◆ **PROBLEM TO WORK ON**
Write out each line of the records that has "чорний" in it.

◆ **DATA EXCERPTS**
-*-*-

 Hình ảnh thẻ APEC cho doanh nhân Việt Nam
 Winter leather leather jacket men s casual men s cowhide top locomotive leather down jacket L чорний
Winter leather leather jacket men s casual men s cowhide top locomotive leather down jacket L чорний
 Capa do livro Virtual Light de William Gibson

-*-*-

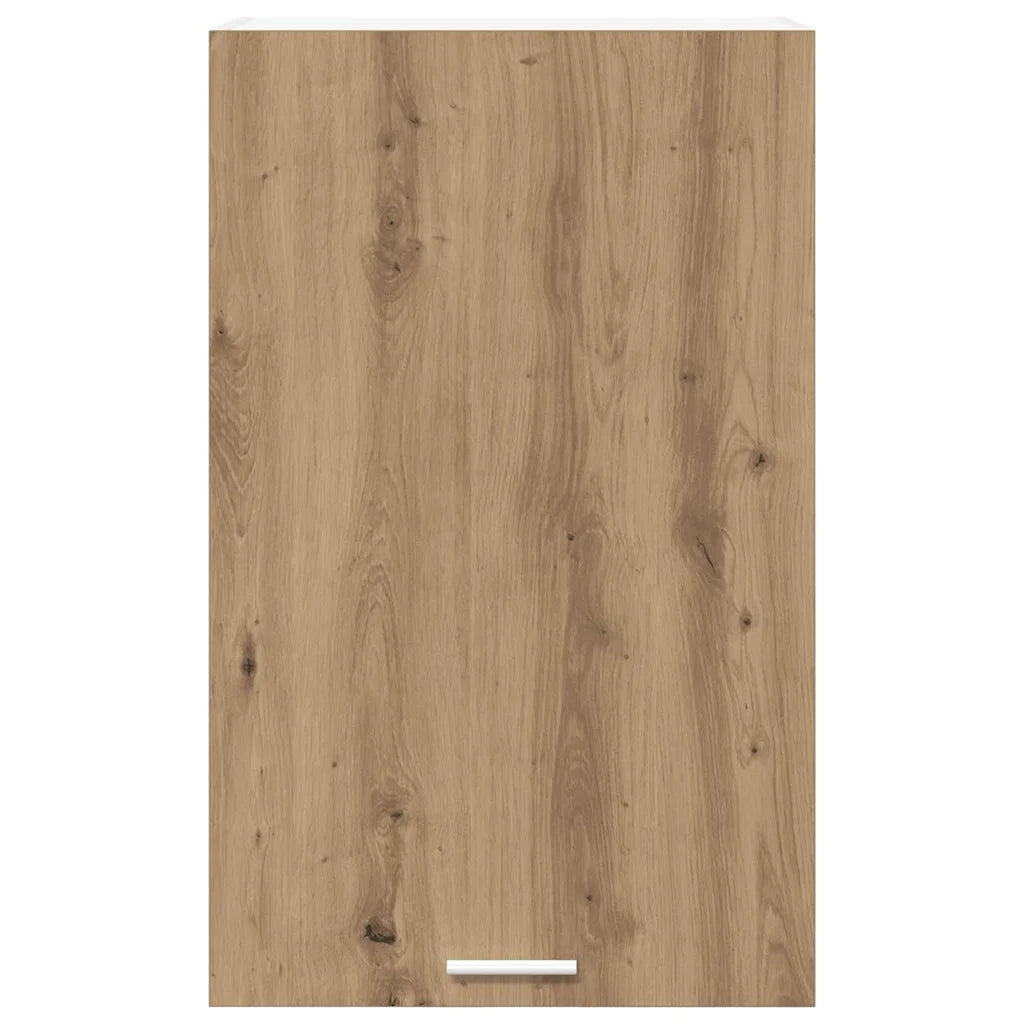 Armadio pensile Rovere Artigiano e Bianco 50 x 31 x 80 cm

-*-*-

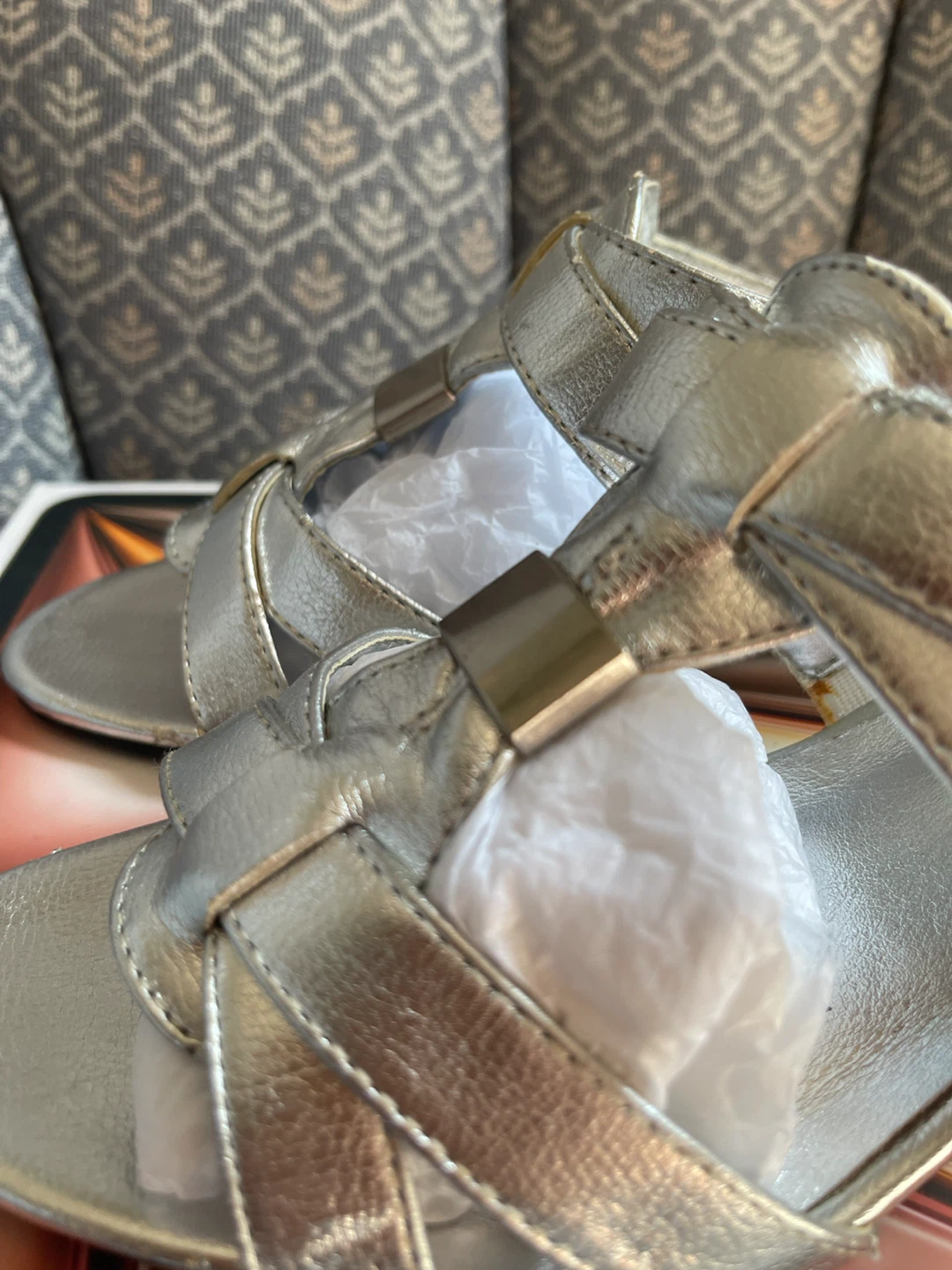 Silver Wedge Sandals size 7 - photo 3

-*-*-

◆ **SOLUTION FOR THIS PROBLEM**
 Winter leather leather jacket men s casual men s cowhide top locomotive leather down jacket L чорний
Winter leather leather jacket men s casual men s cowhide top locomotive leather down jacket L чорний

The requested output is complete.